• [Work to be completed]
Taking the entries below, transcribe only the lines starting with the one with "Big & Tall Rock" and going on through the one with "Beautiful navy dress size 10", exactly as written, without the pictures.

(Information begins)

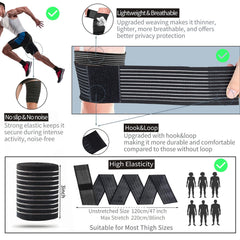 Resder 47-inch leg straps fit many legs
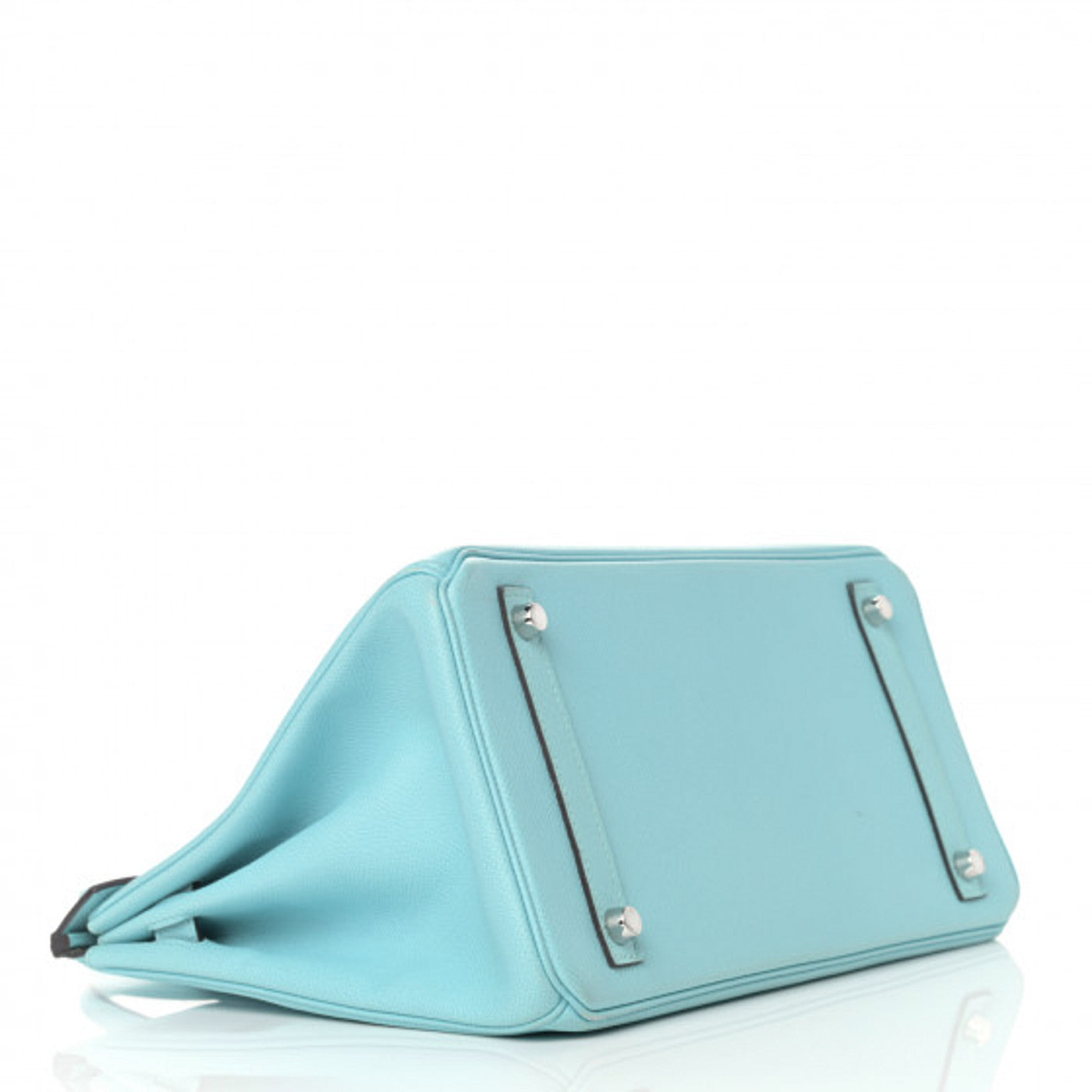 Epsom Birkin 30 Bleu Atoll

(Information ends)
(Information begins)

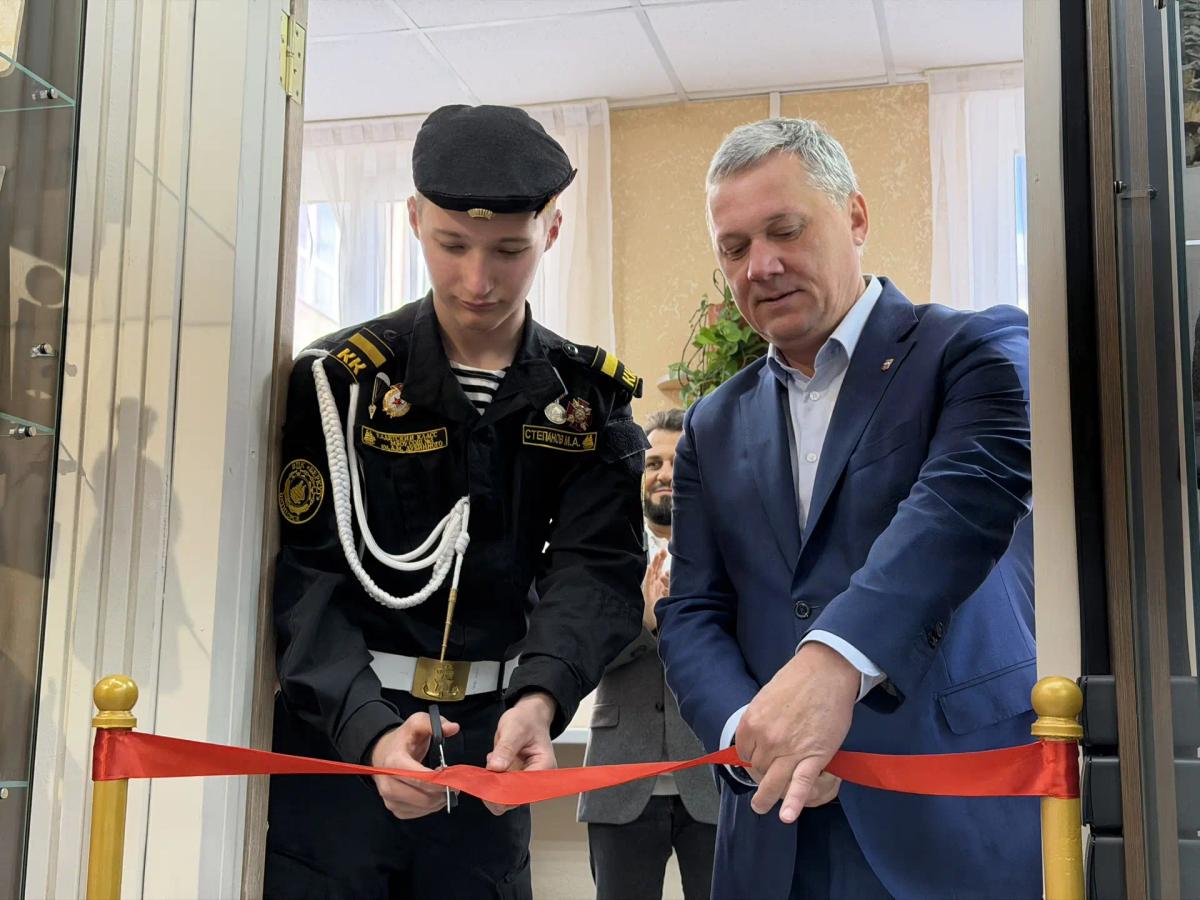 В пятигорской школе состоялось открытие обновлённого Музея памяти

(Information ends)
(Information begins)

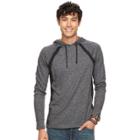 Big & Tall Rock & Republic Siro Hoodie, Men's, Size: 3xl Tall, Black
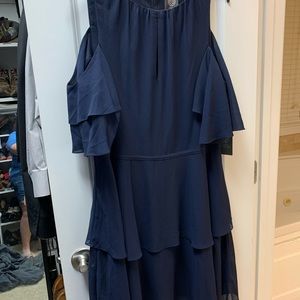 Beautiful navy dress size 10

(Information ends)

• [Task result]
 Big & Tall Rock & Republic Siro Hoodie, Men's, Size: 3xl Tall, Black
 Beautiful navy dress size 10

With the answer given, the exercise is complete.